For fifty-five years SUNRISE has been a forum for people in all walks of life to share experiences and ideas that they have found helpful in forming a workable philosophy of life. The vast majority of its articles have always come from its readers and other amateur writers. It promotes universality and independence of thought, particularly through exploration of traditions, ideas, and spiritual values from all times and places. Above all, it encourages brotherhood, compassion, altruism, and mutual understanding.
James A. Long, the founding editor, was a very practical person who believed that any philosophy or belief must be lived to be of real value. Life, he felt, was the only teacher and training ground.*
*More about Mr. Long and his approach to theosophy may be found in the transcripts of his meetings with members in Europe in 1951, which took place immediately after he became leader of the Theosophical Society and before he founded SUNRISE. Originally issued only to the membership, these 1951 Tour Reports are now available on TUP Online at www.theosociety.org.
In the first issue, he explained why he founded SUNRISE:
Each one of us can and will someday bring about a sunrise in our lives and that sunrise, once it comes, will light the way to future progress not only of the individual but of the whole human race. . . .
This will not come about quickly . . . [but] just as that spark of divinity can be unfolded in the life of a single individual, that same possibility resides in the whole of humankind; and even though it may take time, every effort that you and I and our fellowmen make to bring this about is an effort toward the realization of that golden age.
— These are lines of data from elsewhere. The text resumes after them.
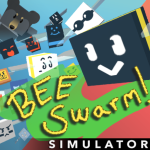 Roblox: Bee Swarm Simulator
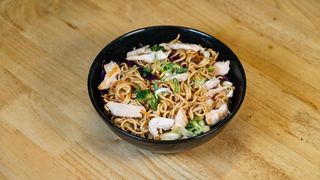 Yakisoba Chikin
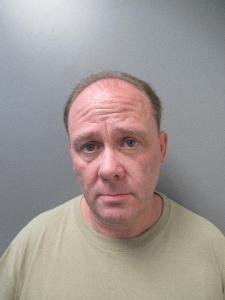 Christopher Karl Doty a registered Sex Offender of Connecticut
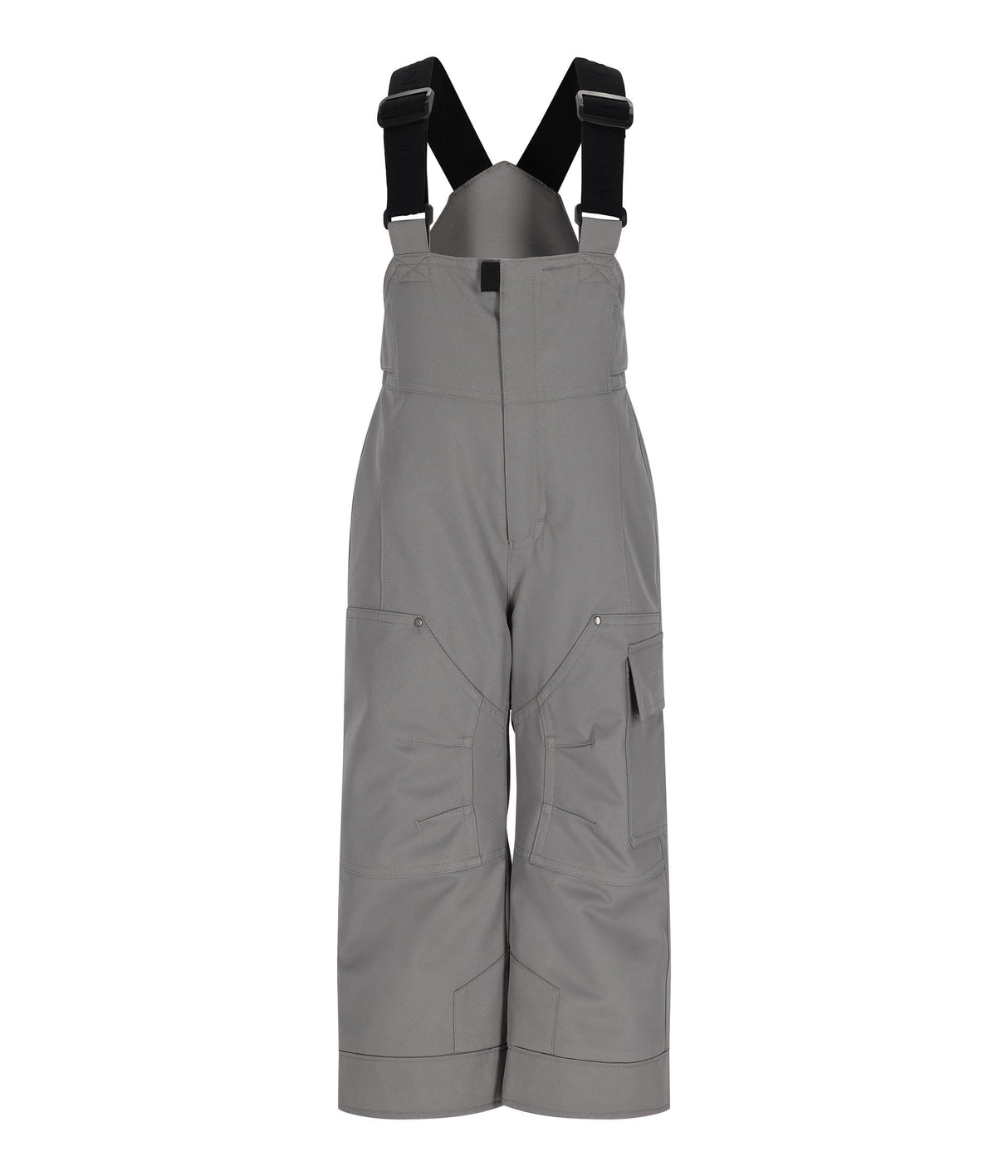 Obermeyer Boys Volt Snow Pants - Stone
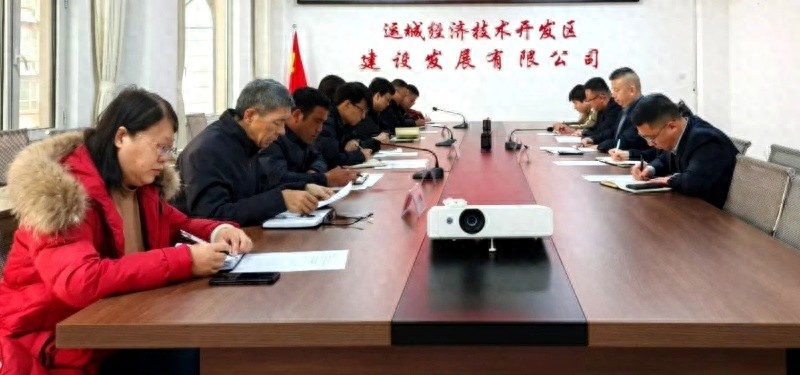 数智未来产业中心即将崛起，运城经济技术开发区将迎来怎样的巨变？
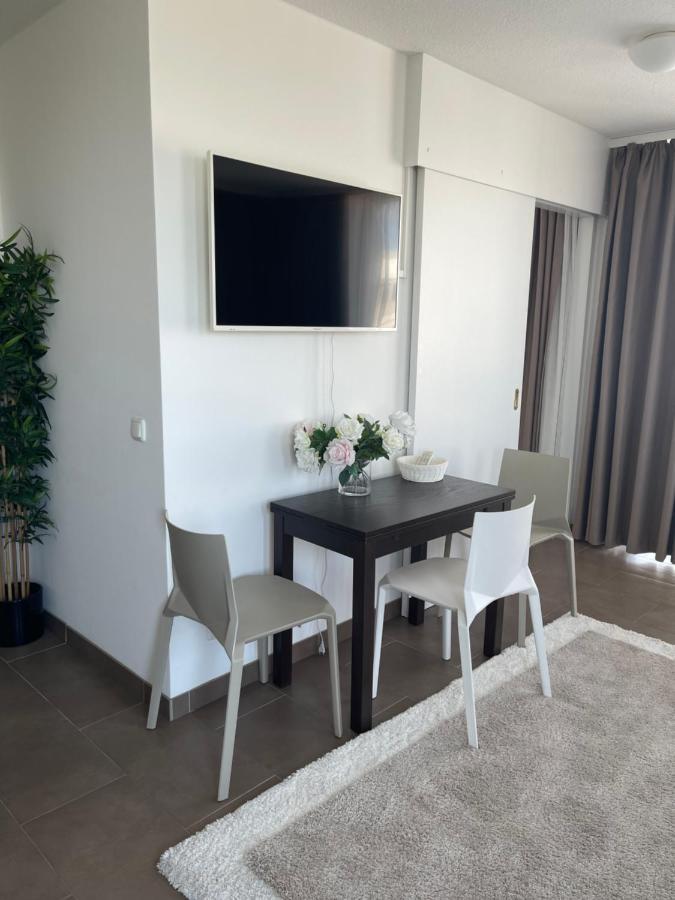 Suite Terrace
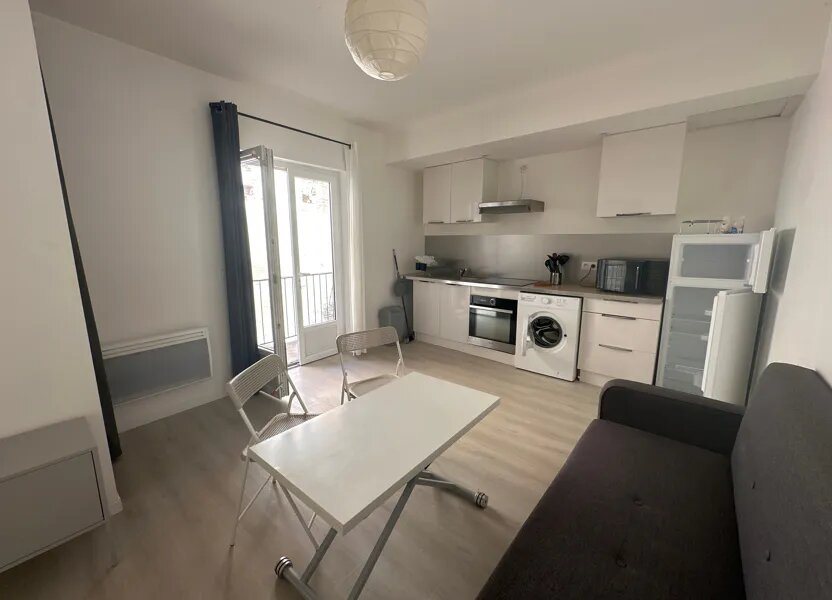 Appartement à louer, 26m², Rieux-Volvestre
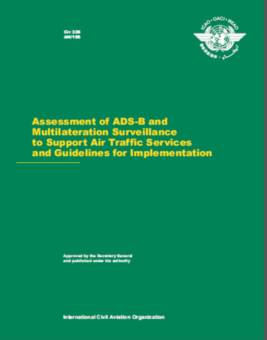 ICAO CIR 326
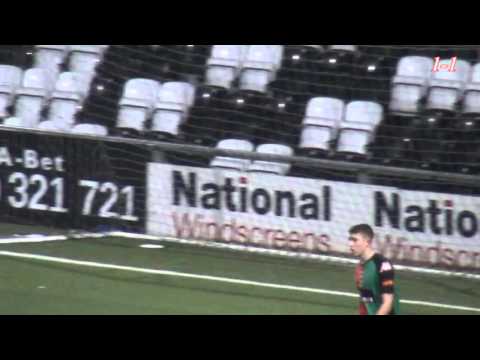 Brian Dempster Memorial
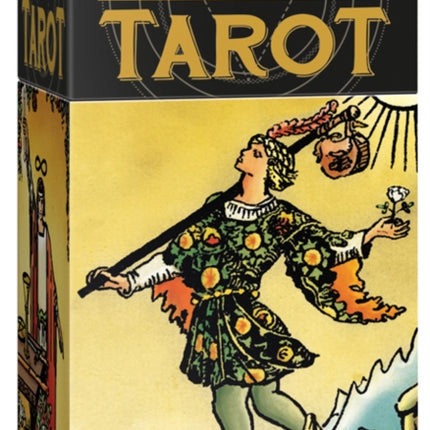 Radiant Wise Spirit Tarot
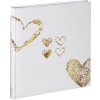 Hama Album di nozze Lazise 29x32 cm 50 pagine bianche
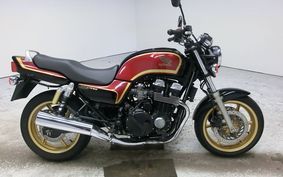 HONDA CB750 2007 RC42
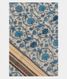 White Soft Printed Cotton Saree T2397411
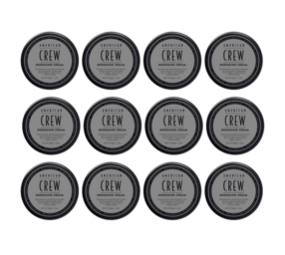 American Crew Grooming Cream 85gr. - 12 Pack American Crew Grooming Cream 85gr. - 12 Pack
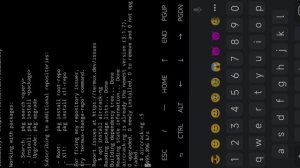 Aircrack-ng in Termux without Root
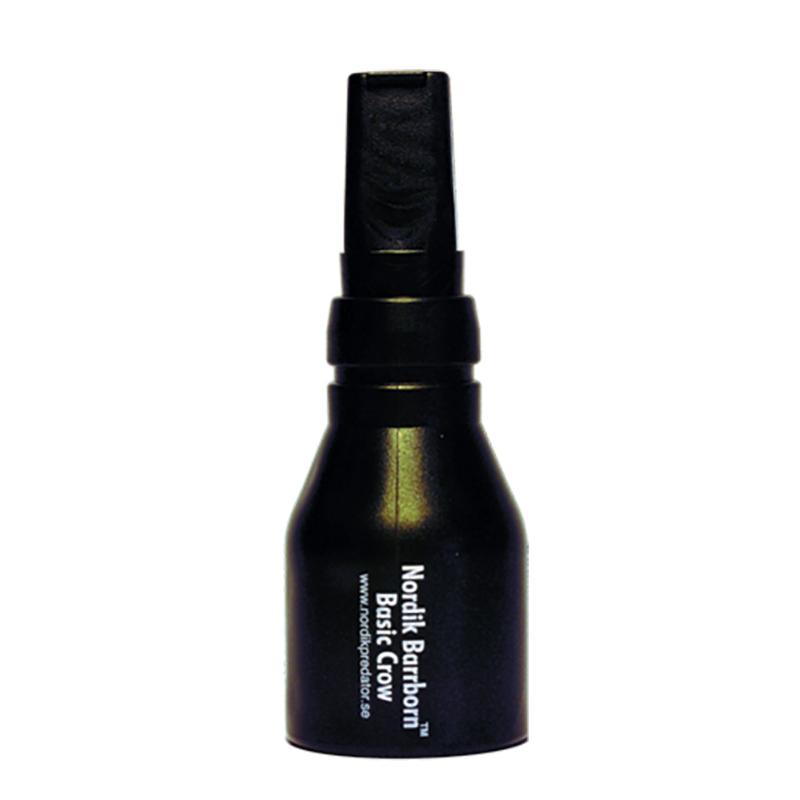 Barrborn Basic Krähenruf - Nordik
It is for that purpose that this magazine is being published, so that we can be consciously taking part in this process of helping our fellowmen to realize that each one has an opportunity to bring about a sunrise in his life and in doing so he will participate actively and consciously in forming the nucleus of a brotherhood that will reach far beyond the lip-service given to this word in past generations.
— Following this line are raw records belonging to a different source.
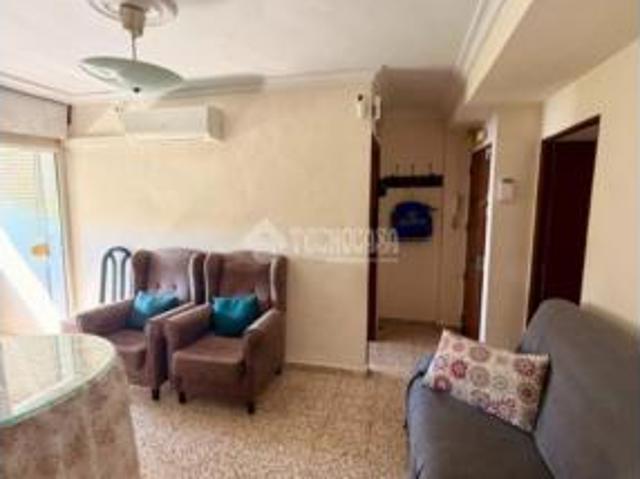 Piso en venta en San Pablo-Santa Justa, Sevilla
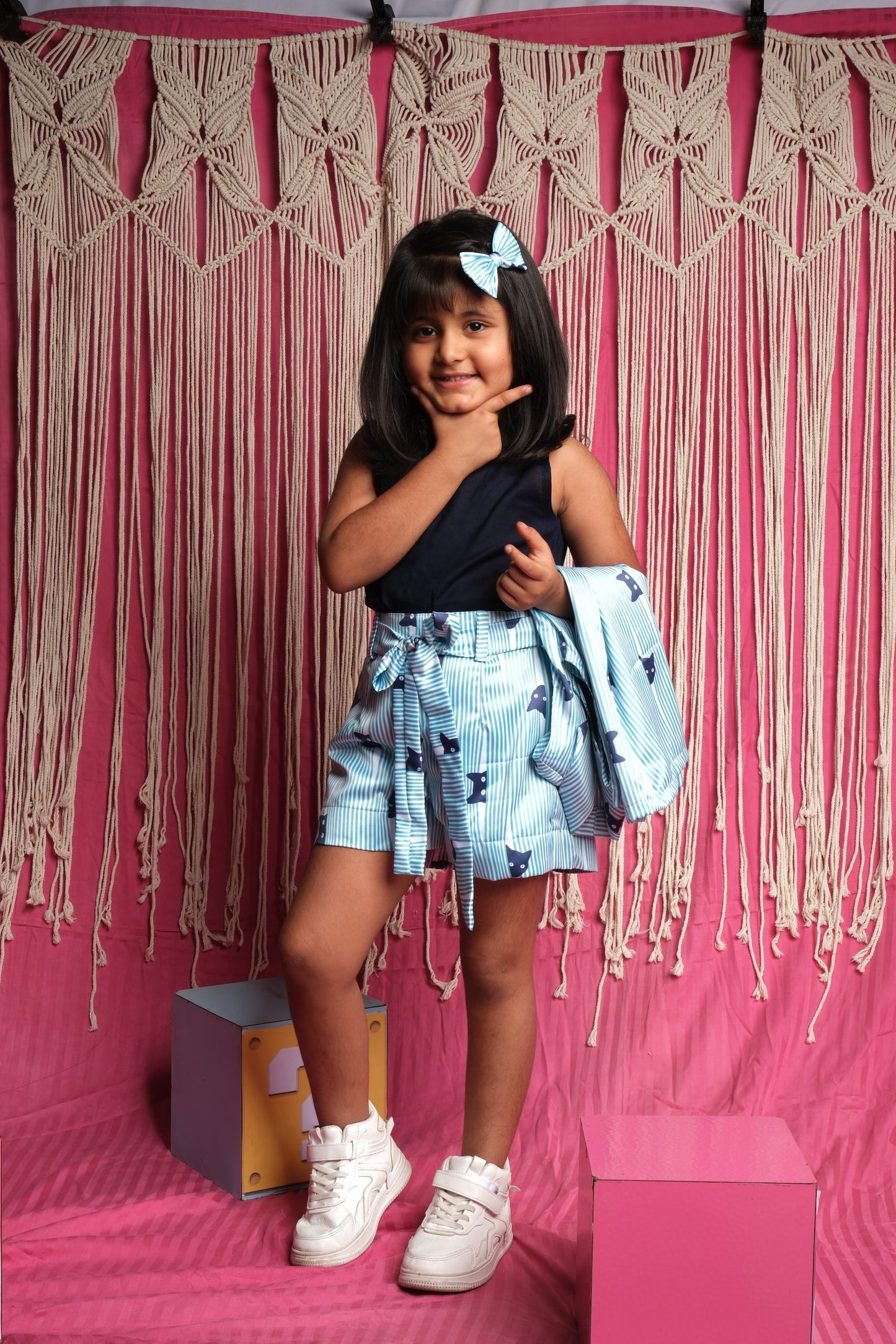 Star Sailor Kids Set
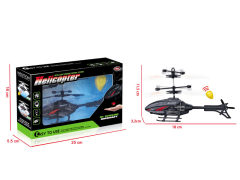 Inductive Helicopter W/L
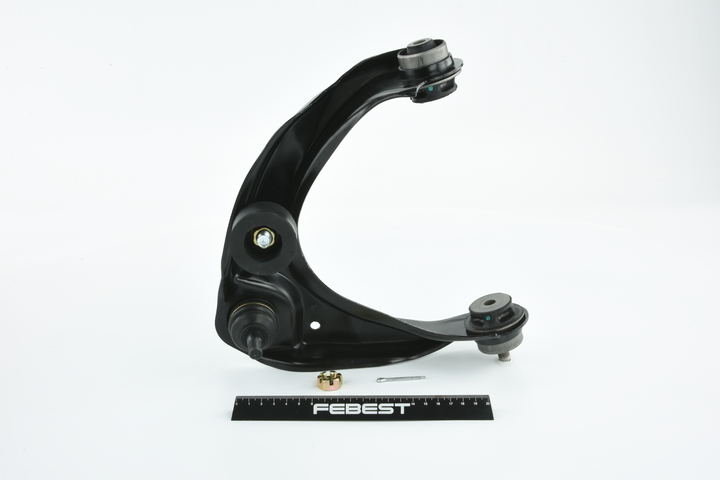 FEBEST 0524-M6UPRH Braço de suspensão MERCURY Milan Sedan 2.3 161 cv Gasolina 2009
. . . the effort will ultimately . . . reach out from nation to nation so that in the end there will be a nucleus in every national unit of civilization that will be so unified and so spiritually strong that there will then be a possibility of truly seeing the end of strife and stress and wars and rumors of war. Then mankind will begin to find itself on the pathway originally intended for it when, as in the Garden of Eden story, it was cast out on its own responsibility to become self-consciously that which we call the spark of divinity. — October 1951, p. 4
As we move into a new era as a quarterly, SUNRISE will continue to stress brotherhood, altruism, and self-transformation. Growth entails change and often means breaking down our crystallized attitudes about who we and others are. It also requires an ongoing willingness to examine and modify what we think and believe. Our lives are too often formed of mental and emotional habits that blind us to the wonders that could be found if we lived each moment consciously and with sensitivity to those around us. Fortunately each of us has the ability to rouse ourselves to a more discerning awareness in our daily life and thought. Supporting each other in bringing about such an inner sunrise, individually and collectively, remains our primary purpose.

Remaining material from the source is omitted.